[WHAT IS EXPECTED] Transcribe only part of the material below: the lines from the one containing "Hardy Unapologetically Country" through the one containing "Iquitos, Old World - Roman Blind", inclusive, exactly as written.

Top of RECORDED INFORMATION

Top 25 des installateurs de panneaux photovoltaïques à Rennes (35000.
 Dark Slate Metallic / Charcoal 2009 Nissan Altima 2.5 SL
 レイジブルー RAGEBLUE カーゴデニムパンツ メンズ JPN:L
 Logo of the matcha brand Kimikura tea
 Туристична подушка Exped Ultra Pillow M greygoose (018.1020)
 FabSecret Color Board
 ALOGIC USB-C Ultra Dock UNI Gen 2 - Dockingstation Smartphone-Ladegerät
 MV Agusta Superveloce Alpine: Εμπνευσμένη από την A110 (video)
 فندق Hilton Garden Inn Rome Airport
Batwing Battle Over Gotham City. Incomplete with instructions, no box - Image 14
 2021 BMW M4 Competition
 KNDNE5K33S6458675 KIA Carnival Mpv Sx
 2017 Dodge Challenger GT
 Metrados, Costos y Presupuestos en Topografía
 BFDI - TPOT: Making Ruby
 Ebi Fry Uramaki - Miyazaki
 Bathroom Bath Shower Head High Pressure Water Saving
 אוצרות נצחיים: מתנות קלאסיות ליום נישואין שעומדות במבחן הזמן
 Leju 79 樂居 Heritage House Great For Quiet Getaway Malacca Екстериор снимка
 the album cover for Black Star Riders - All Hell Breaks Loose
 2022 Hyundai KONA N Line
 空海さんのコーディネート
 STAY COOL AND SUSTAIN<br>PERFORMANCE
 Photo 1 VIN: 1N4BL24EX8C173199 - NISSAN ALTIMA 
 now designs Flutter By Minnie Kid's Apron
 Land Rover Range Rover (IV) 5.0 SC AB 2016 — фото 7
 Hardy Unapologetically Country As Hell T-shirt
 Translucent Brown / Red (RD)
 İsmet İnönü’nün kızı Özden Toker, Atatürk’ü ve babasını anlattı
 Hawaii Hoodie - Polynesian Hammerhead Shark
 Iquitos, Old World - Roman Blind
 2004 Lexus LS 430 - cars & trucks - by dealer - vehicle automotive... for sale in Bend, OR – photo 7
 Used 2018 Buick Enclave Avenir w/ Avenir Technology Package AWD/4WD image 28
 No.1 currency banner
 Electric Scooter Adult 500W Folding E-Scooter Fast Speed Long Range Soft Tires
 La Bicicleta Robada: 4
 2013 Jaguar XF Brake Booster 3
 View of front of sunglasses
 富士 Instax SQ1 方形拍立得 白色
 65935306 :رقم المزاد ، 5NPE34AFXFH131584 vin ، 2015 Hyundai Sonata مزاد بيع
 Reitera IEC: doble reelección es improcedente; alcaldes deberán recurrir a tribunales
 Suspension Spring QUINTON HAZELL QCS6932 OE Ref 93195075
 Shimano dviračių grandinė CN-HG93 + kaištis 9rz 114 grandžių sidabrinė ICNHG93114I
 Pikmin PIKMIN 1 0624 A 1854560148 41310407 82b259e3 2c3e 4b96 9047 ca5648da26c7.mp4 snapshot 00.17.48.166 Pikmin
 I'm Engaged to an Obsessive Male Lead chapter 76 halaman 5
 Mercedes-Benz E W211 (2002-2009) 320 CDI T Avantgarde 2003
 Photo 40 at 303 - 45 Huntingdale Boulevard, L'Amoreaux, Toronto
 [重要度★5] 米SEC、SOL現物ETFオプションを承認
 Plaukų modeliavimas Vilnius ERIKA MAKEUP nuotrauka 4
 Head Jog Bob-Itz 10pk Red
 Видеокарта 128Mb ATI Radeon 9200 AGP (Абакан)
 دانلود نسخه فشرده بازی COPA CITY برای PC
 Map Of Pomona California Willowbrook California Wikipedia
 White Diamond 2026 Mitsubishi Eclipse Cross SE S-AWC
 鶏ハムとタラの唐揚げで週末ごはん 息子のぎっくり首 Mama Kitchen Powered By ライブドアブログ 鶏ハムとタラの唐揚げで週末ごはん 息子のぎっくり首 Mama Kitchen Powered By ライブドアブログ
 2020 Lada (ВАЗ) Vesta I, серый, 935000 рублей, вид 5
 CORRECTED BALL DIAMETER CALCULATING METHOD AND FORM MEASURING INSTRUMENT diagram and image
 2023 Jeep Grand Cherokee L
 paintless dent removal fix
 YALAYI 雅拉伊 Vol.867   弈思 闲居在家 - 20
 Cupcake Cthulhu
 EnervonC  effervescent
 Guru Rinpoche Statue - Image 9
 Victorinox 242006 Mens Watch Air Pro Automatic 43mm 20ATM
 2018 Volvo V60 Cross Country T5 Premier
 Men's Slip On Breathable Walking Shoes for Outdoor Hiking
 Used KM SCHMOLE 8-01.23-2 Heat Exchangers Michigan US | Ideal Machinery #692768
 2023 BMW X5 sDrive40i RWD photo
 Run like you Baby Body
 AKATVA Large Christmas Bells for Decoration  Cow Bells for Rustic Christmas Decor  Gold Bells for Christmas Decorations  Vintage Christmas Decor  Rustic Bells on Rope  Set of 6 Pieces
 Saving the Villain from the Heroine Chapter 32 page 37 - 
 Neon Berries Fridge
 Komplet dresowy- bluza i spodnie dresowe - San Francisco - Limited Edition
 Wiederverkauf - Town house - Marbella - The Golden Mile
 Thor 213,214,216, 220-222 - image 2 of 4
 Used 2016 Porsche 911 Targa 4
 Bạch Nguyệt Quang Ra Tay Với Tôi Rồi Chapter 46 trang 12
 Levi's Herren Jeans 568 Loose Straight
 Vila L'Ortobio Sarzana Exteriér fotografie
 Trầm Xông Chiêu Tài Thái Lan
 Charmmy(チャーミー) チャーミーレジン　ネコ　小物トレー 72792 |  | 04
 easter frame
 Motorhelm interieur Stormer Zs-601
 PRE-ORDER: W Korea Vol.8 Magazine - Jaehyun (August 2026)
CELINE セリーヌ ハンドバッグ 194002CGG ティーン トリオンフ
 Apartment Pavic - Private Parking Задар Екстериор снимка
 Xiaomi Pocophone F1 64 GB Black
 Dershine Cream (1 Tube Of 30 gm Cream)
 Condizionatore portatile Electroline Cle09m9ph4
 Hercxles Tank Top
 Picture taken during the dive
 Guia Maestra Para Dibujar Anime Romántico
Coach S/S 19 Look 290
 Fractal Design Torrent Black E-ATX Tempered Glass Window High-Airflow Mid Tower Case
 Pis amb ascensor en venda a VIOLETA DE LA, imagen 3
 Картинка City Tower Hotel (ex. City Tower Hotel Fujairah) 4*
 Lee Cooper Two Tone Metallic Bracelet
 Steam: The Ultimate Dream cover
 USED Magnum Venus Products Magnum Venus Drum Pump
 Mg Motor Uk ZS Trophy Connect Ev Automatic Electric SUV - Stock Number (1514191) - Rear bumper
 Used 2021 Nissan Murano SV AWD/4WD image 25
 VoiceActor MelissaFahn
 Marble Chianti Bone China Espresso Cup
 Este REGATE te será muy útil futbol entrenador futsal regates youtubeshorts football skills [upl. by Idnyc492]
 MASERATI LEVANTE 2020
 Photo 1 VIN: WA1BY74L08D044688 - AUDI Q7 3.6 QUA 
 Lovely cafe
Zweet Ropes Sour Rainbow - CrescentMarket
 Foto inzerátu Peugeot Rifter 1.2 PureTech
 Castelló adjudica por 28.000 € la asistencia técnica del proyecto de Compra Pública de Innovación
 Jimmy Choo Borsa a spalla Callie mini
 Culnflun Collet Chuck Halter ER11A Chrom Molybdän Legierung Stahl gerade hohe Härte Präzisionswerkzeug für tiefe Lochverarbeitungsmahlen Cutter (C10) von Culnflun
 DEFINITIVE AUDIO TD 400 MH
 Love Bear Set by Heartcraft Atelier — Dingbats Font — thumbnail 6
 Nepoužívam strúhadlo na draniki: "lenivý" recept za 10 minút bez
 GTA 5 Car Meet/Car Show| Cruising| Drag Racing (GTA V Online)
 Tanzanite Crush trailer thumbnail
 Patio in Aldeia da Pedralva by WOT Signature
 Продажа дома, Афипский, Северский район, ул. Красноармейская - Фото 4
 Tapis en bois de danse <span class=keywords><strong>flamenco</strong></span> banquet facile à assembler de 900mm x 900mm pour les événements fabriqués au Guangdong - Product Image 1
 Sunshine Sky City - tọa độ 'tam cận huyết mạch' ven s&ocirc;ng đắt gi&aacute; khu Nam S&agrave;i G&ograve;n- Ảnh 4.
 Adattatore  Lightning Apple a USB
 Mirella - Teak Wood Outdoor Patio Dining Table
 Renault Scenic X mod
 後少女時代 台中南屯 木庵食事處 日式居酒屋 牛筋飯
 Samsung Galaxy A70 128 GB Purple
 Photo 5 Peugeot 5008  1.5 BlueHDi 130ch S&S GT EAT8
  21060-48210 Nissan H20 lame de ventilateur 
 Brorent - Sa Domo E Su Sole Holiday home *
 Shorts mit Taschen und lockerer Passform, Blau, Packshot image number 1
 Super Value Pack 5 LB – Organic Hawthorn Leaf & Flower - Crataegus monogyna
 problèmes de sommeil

Bottom of RECORDED INFORMATION

[RESPONSE TO THE TASK]
 Hardy Unapologetically Country As Hell T-shirt
 Translucent Brown / Red (RD)
 İsmet İnönü’nün kızı Özden Toker, Atatürk’ü ve babasını anlattı
 Hawaii Hoodie - Polynesian Hammerhead Shark
 Iquitos, Old World - Roman Blind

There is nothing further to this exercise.